The AI Force Multiplier: What DORA Actually Found


December 2024, the tenth annual DORA report shipped, and one finding broke containment. A 25% increase in AI adoption correlated with a 1.5% drop in delivery throughput, a 7.2% drop in stability, and a 2.6% drop in time spent on valuable work. Most coverage shipped one sentence (AI hurts software delivery) and moved on.

The same report found, on the same page, that documentation quality went up 7.5%, code quality up 3.4%, productivity up 2.1%, job satisfaction up 2.2% (2024 DORA). Different deltas, different directions. Individual measures up. System measures down. DORA reported a gap. The internet reported a verdict.

The qualifier most coverage dropped is the entire interesting question. DORA didn’t say AI is bad. DORA said the individual moved one direction, the system moved another, and offered a hypothesis (they called it the vacuum hypothesis) for the gap. Drop the qualifier and the data becomes a slogan. Keep it and the data points somewhere more useful: at the surrounding system that absorbed the saved time.

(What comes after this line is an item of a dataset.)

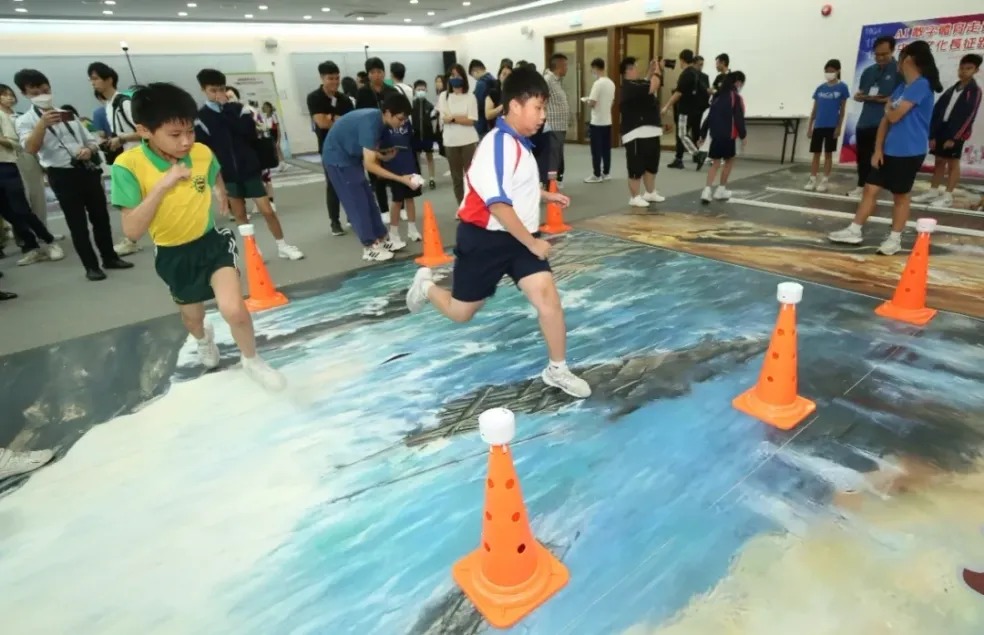 學生參與互動式數字體育課程演示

The hub piece in this series gave the headline on a decade of DORA findings. This article gives the receipts on three years of the AI ones. The thesis, stated plainly: AI is a force multiplier. Force is indifferent to the result. The tool is the force; the surrounding system is the direction. That framing isn’t ideological. It’s what 2024’s paradox and 2025’s reversal both pointed at, and it’s the strongest reading the data supports.


The 2024 paradox, in DORA’s own words

The 2024 sample was around 3,000 respondents across 104 countries (the tenth annual DORA report), built on Bayesian SEM, multiple targeted models, and a qualitative interview supplement. Observational, self-reported, well-instrumented. Not telemetry. Survey research, taken seriously.

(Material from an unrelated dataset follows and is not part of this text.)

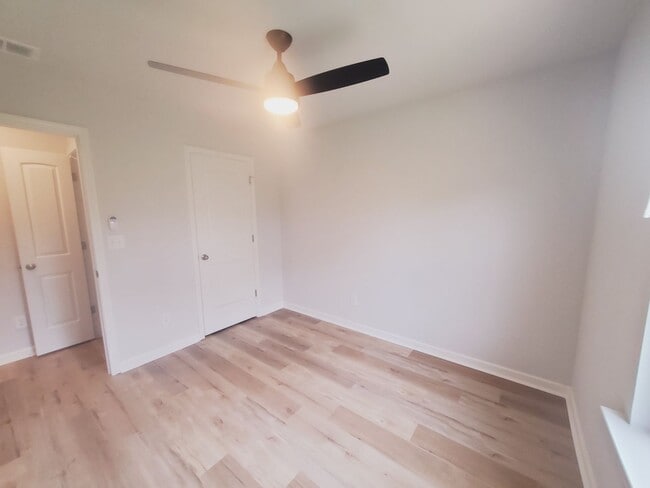 Building Photo - Newly Constructed 4bd/3.5ba Minutes From Airport and Under 2 Mi. From Downtown Hapeville!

AI adoption that year was already universal: 81% of organizations had made AI a higher priority; 75.9% of practitioners relied on AI in daily work, with writing code (74.9%) and summarizing content (71.2%) the top use cases. The numbers per 25% increase in AI adoption, restated in full because most coverage didn’t:

OutcomeEstimated change
Documentation quality+7.5%
Job satisfaction+2.2%
Flow+2.6%
Productivity+2.1%
Code quality+3.4%
Delivery throughput−1.5%
Delivery stability−7.2%
Valuable work−2.6%

Two factors pulling in opposite directions. The 2024 report itself made the split explicit by separating delivery into throughput and stability as distinct latent factors and adding rework rate as a fifth metric. The split mattered. It’s why the report could say “throughput down, stability down” as separate findings rather than collapsing them into “performance down.”

The hypothesis DORA offered for the gap is worth the full quote. “AI expedites valuable, high-priority work. But instead of producing sustained free time, a vacuum is created that gets filled by less-valued, non-promotable work. Net effect on delivery metrics is negative.” The framing is mechanical, not moral. Time saved → time refilled with lower-value work → no delivery gain.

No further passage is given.